Watkinson attended Westhoughton County Primary School, and Rivington and Blackrod High School. During this time he was a regular player at Westhoughton Cricket Club in the Bolton Cricket League, where he drew attention from Teddy Gerrard, a coach at the club.

From these beginnings, and following cricketing predecessors from the club (four of the Tyldesley family made the ground staff at Old Trafford, with Dick Tyldesley reaching international level with England) Watkinson emulated the local heroes, playing for Lancashire and England.

==Domestic cricket==
As a county cricketer Watkinson was part of a Lancashire with a strong record in List A cricket. It was a team featuring many internationals, including Michael Atherton, Neil Fairbrother, Graeme Fowler, Peter Martin, and the Pakistan star Wasim Akram; later he would also play alongside Andrew Flintoff and Muttiah Muralitharan. Watkinson helped Lancashire to win both the Benson and Hedges Cup and the NatWest Bank Trophy in 1990, winning the man of the match award in the final of the former.

He was captain of the Lancashire side from 1992 to 1997. In 1996 under his leadership the county repeated the double of the Benson and Hedges Cup and the NatWest Bank Trophy. He also helped them to win the Benson and Hedges Cup in 1995.

==International cricket==
Watkinson made his Test cricket debut against the West Indies in 1995 at Old Trafford, when Atherton was England captain. He was thus placed in the unusual position, in his debut on his county home ground, of being captained by a county colleague of whom he was usually the captain in county cricket.

England won his first test, Watkinson contributing 37 runs and five wickets, three of them in the second innings. Atherton later praised Watkinson's bowling, saying: "He was a bit nervous in the first innings but bowled exceptionally in the second".

The highlight of Watkinson's international career came in the next test when he made his highest Test score, 82 not out, in an unlikely last-wicket stand with an injured Richard Illingworth to ensure England held the West Indies to a draw.
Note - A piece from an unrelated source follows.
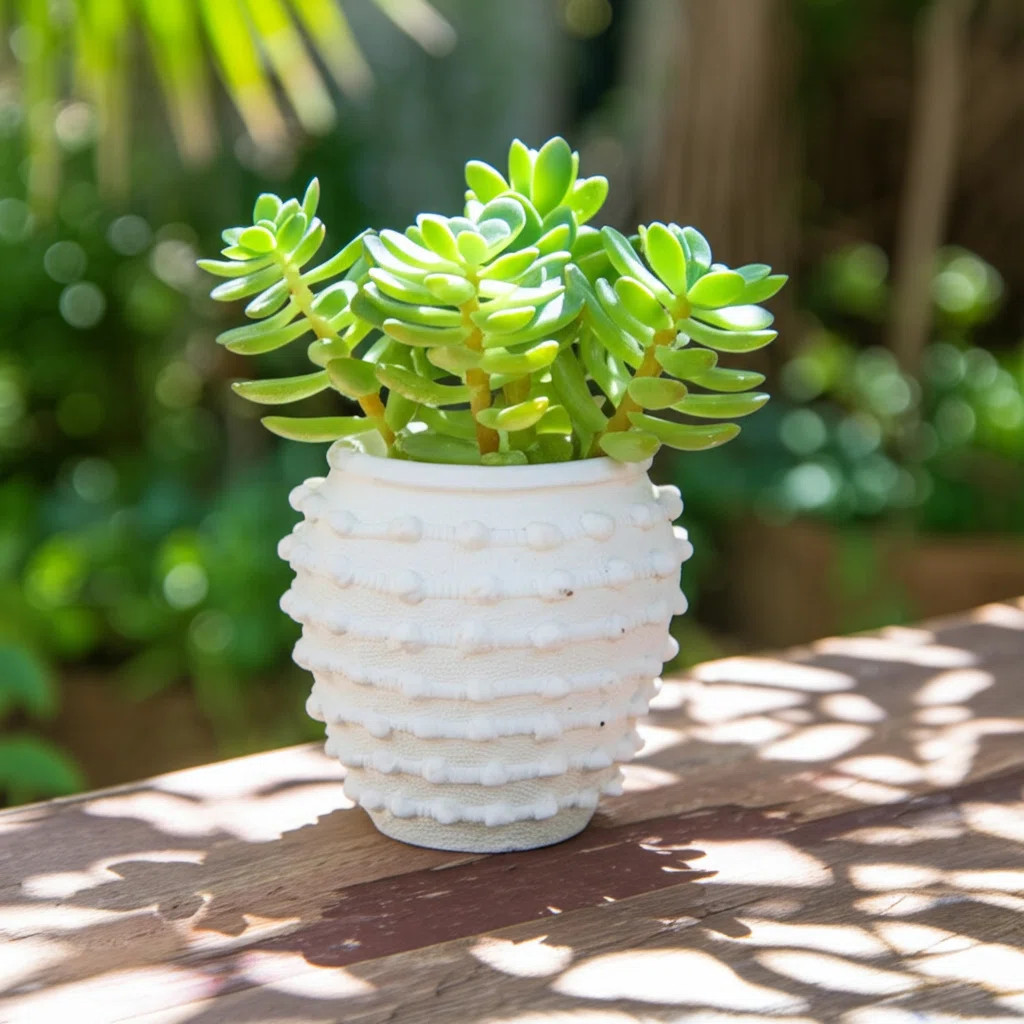 Stoneware Ceramic Planter with Raised Textured Surface and Rounded Edge Design - Contemporary Dec... | Wayfair North America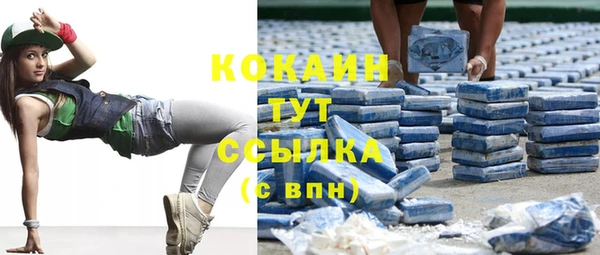 тгк Бородино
According to Christopher Martin-Jenkins, this result was assured by "the resourceful batting of Lancashire`s cool, competent and battle-hardened captain and Illingworth`s courageous defiance of doctor`s orders to share in England`s largest last-wicket stand since Bob Willis and Peter Willey put on 117 in 1980".

Picked to tour South Africa, he had a more low-key experience and was not picked to play international cricket again.

==After retirement==
After retirement from 2002 he took the position of coach with Lancashire, from 2008 being elevated to the position of Director of cricket.

In October 2014, Watkinson announced that he was to resign from his role as Director following a disappointing season, which saw the club relegated from the top flight of County Championship Cricket, this ended his 32-year association with Lancashire.

In December 2014, Watkinson became director of cricket at Manchester Grammar School.

His son, Liam Watkinson, has played four first-class matches for Leeds/Bradford MCCU.